MutationTaster

Content
- Description: In silico tool to predict the disease-causing potential of DNA variants

Contact
- Research center: Charité Berlin
- Authors: Jana Marie Schwarz and Dominik Seelow
- Primary citation: PMID 24681721

Access
- Website: www.mutationtaster.org

= MutationTaster =

Free web-based application to evaluate DNA variants for their disease-causing potential

MutationTaster is a free web-based application to evaluate DNA sequence variants for their disease-causing potential. The software performs a battery of in silico tests to estimate the impact of the variant on the gene product / protein. Tests are made on both, protein and DNA level, MutationTaster is hence not limited to substitutions of single amino acids but can also handle synonymous or intronic variants.

==Background==
Many genetic disorders can be caused by mutation of a single gene. New sequencing techniques however, have shown that a single individual can have up to 3.5 million alterations in the whole genome, most of which do not have a detrimental health effect. The challenge of prediction tools is thus to filter harmless mutations from disease-causing ones. These tools are not designed to predict sources of complex diseases such as cancer. The latter usually do not have a monogenic causation but are caused by multiple gene defects that develop cumulatively into a disease.

==Approach and tests==
Mutation Taster is written in Perl and can process Next-generation sequencing data of all major platforms (Roche 454, Illumina Genome Analyzer and ABI SOLiD). The program first discards mutations that are known, harmless polymorphisms by comparison with the integrated databases.
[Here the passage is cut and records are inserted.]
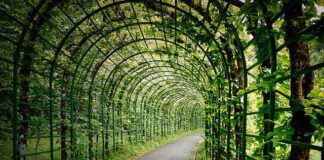 Jaką wysokość pergoli tarasowej?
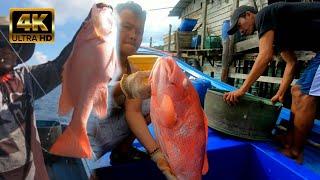 MANCING MURAH HASIL MELIMPAH DI KEDALAMAN 100METERIKAN  KERAPU DAN KAKAP MERAH4K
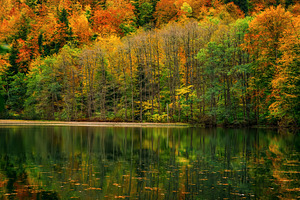 Autumn foliage containing autumn, background, and bateti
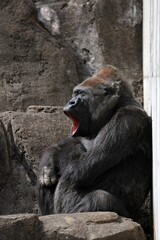 座ってあくびをするメスのゴリラ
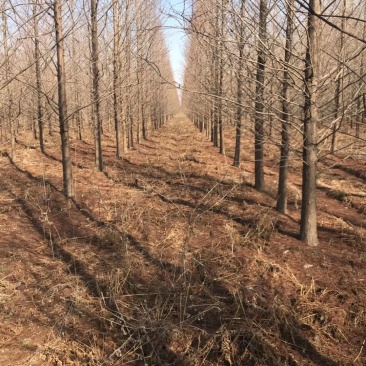 水杉落雨杉池杉中山杉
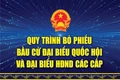 [Infographic] - Phiếu bầu cử như thế nào là hợp lệ?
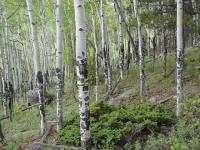 Elk-chewed Aspen trees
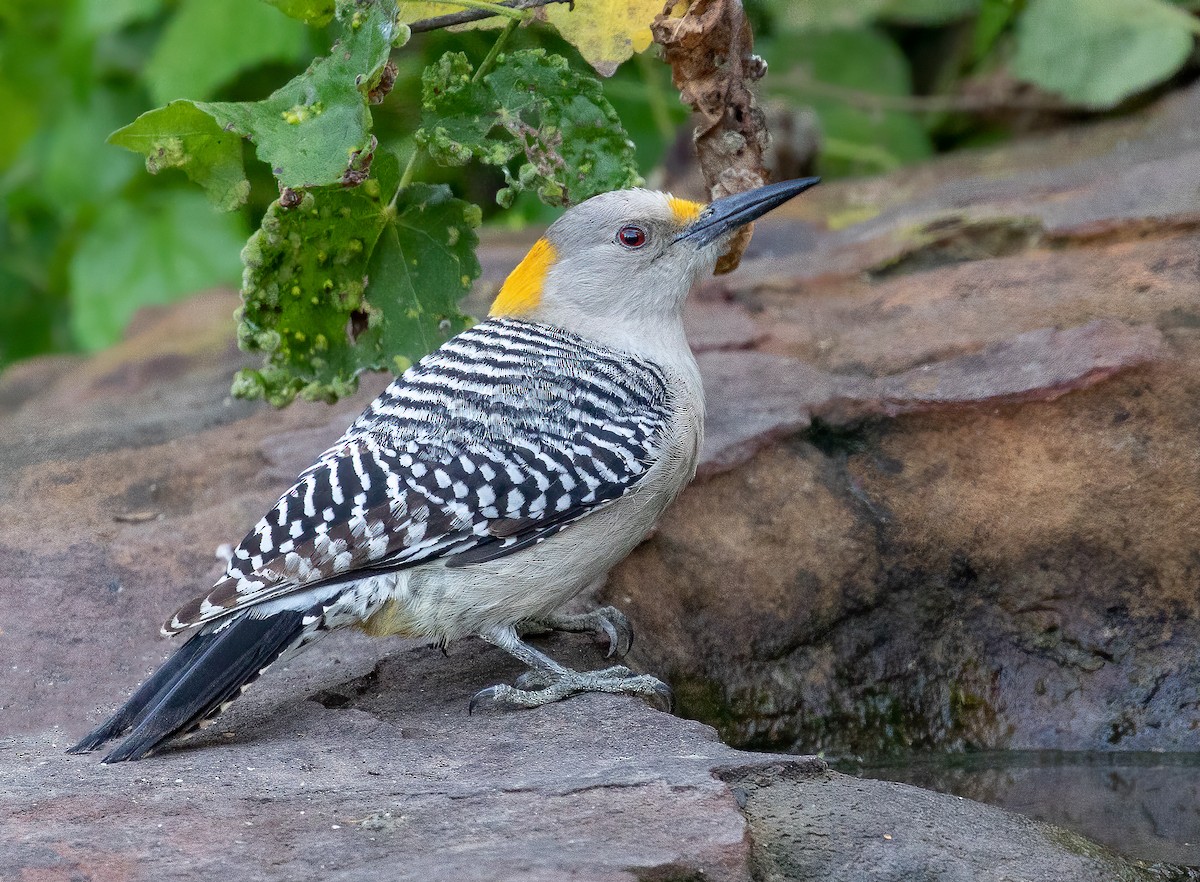 Golden-fronted Woodpecker - ML533469031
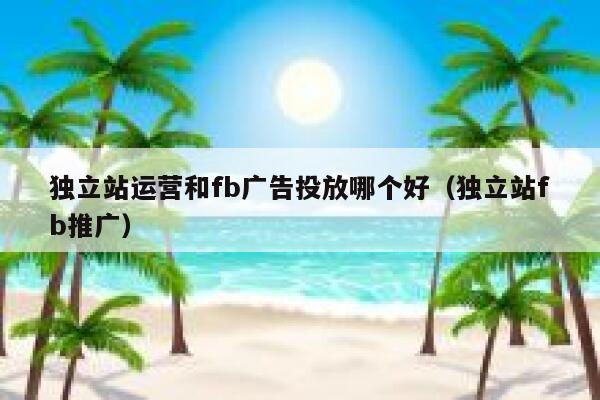 独立站运营和fb广告投放哪个好（独立站fb推广） 第1张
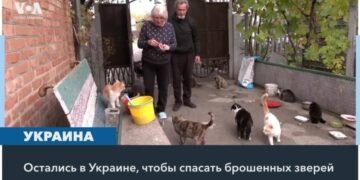 Пенсионеры из украинского Орехова спасают домашних животных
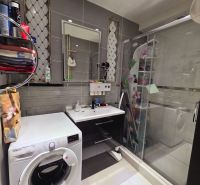 Bathroom with a shower, sink, and washing machine in a 4-room apartment.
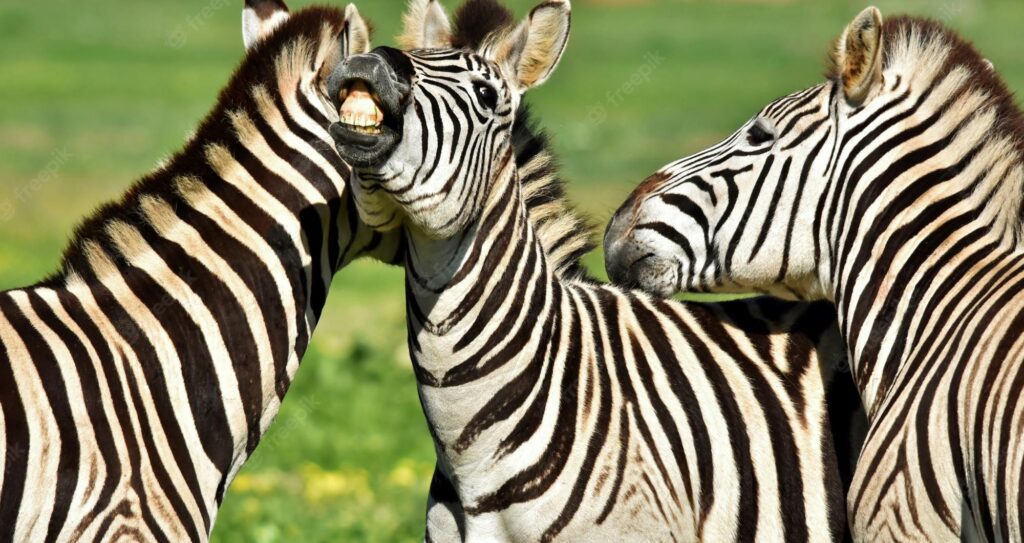 Três zebras em campo aberto. A 1ª está de costas, a 2ª está de frente com os dentes à mostra e a 3ª de lado.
The remaining SNPs (Single-nucleotide polymorphism) are tested according to the gene alteration they are causing:
- Silent synonymous or intronic alterations that do not lead to an amino acid exchange
- Mutations that affect a single amino acid
- Mutations causing complex changes in the amino acid sequence (such as indels)

Multiple tests are performed to determine the nature of the given SNP. These tests comprise (among others):
- amino acid substitution(s)
- conservation of affected amino acid(s)
- potential loss of functional protein domains
- length of protein
- effect on splicing
- conservation on DNA level (phastCons / phyloP)
- potential abrogation of regulatory elements (such as transcription factor binding sites)

Integrated data sources (among others):
- Ensembl
- UniProt
- ClinVar
- ExAC
- 1000 Genomes Project
- phyloP
- phastCons

The single results are then assessed by a Naive Bayes classifier which decides whether or not their combined effect might be deleterious for the protein. The 'raw' accuracy of MutationTaster is about 90%, with the inclusion of knowledge about common (harmless) polymorphisms and known disease mutations, the actual rate of correct classifications is much higher. The test output explains if the alteration is a known or predicted harmless or disease-causing mutation and gives detailed information about the mutation.

Importantly, the predictions of clinical effects of mutations suffer from a lack of specificity, which appears to be the common constraint of all recently used prediction methods, including those named above. Despite that, predictions mediated by these methods are associated with nearly absolute sensitivity. The outcomes of prediction methods are often uncritically used, particularly by non-specialists in the field.

==Development==
Development of MutationTaster has started in 2007, the software is available online since 2009. MutationTaster is hosted at the Charité Berlin and its current developers are Olivia Ebner, Daniela Hombach, Markus Schülke, Jana Marie Schwarz, Dominik Seelow.
Current efforts are focused on integrating mutations that do not directly alter protein coding genes but have an effect on gene regulation and expression.